Though Distinctive Assets’ gift bags are not in any way affiliated with the Academy, their contents are similarly taxable. But as US News’s Susan Johnston Taylor explains, celebrities have a few options to avoid paying taxes on the bags: They can donate all the stuff to charity, turning their gift bag into a tax write-off; they can keep some and sell or donate the rest; or they can simply refuse to accept the gifts altogether.

Didn't I hear something about a lawsuit?

In 2016, the Academy filed suit against Distinctive Assets, claiming the latter's gift bags constitute trademark infringement and damage to the Academy’s reputation. The bags that year includes a few items the Academy deemed “unsavory,” such as marijuana vape pens, sex toys, and a “vampire breast lift,” which the Academy apparently didn’t want to be linked with in the media.

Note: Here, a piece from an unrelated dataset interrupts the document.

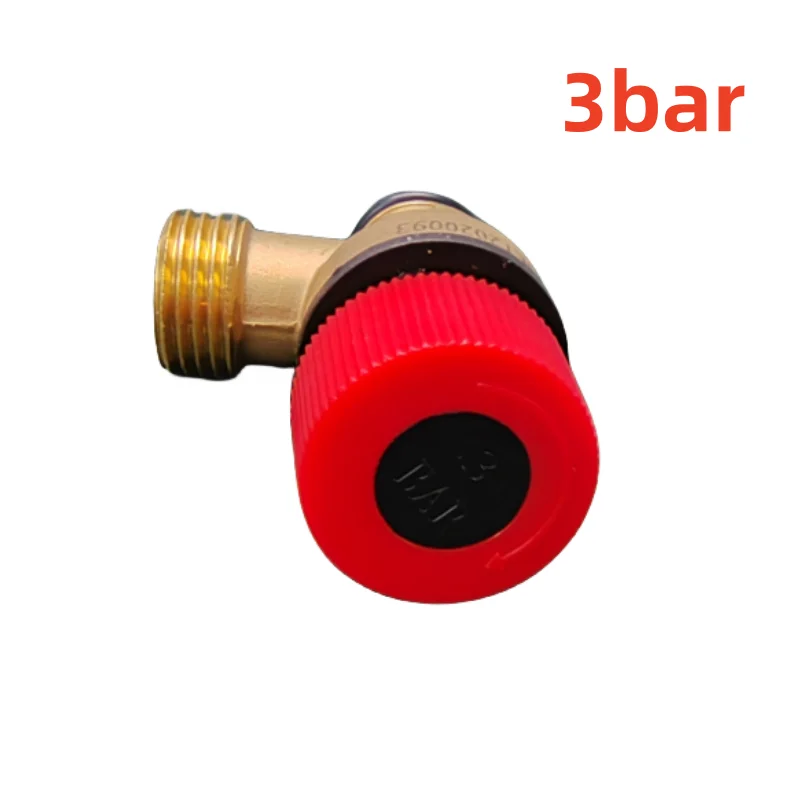 Brass Safety Valve Drain Relief Switch for Solar Water Heater Male for Gas Water Heaters Exhaust Valve Pressure Relief Valve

There's also the fact that such lavish displays of excess, even if not officially linked to the Academy, are bad optics for an organization that has come under fire in recent years from the #OscarsSoWhite movement and other diversity-oriented groups.

But as Bryan Bishop at Vox sister site The Verge pointed out, the Academy's pushback against Distinctive Assets’ elaborate gift bags “wasn’t the Academy taking a principled stand; it was the Academy striking back because it didn’t like the products it was being associated with.” In other words, the core issue — that hundreds of thousands of dollars’ worth of goods are being given to people who are already very rich — has nothing to do with the Academy’s ire.

In April 2016, LA Business News reported that the Academy and Distinctive Assets had reached a settlement in the suit, agreeing, among other restrictions, that Distinctive Assets would not use the Academy’s trademark and would provide a disclaimer that disavows any affiliation between the two organizations. (That disclaimer, in bold type atop the press release announcing this year’s bags, snippily notes, in part, “Neither the Academy nor Distinctive Assets want there to be any association between the ‘Everyone Wins’ Gift Bags and the OSCARS® or the Academy.”)

Thus, after this year’s Academy Awards are over, certain nominees will go home with an expensive participation prize. So if Meryl Streep’s 20th Oscar nomination doesn’t net her a fourth gold statuette, she can at least console herself with some fancy apples and CPR training.

Updated with additional clarification that there is no relationship whatsoever between the Academy of Motion Picture Arts and Sciences and any company that distributes gift bags to Oscar nominees. Truly. No relationship whatsoever.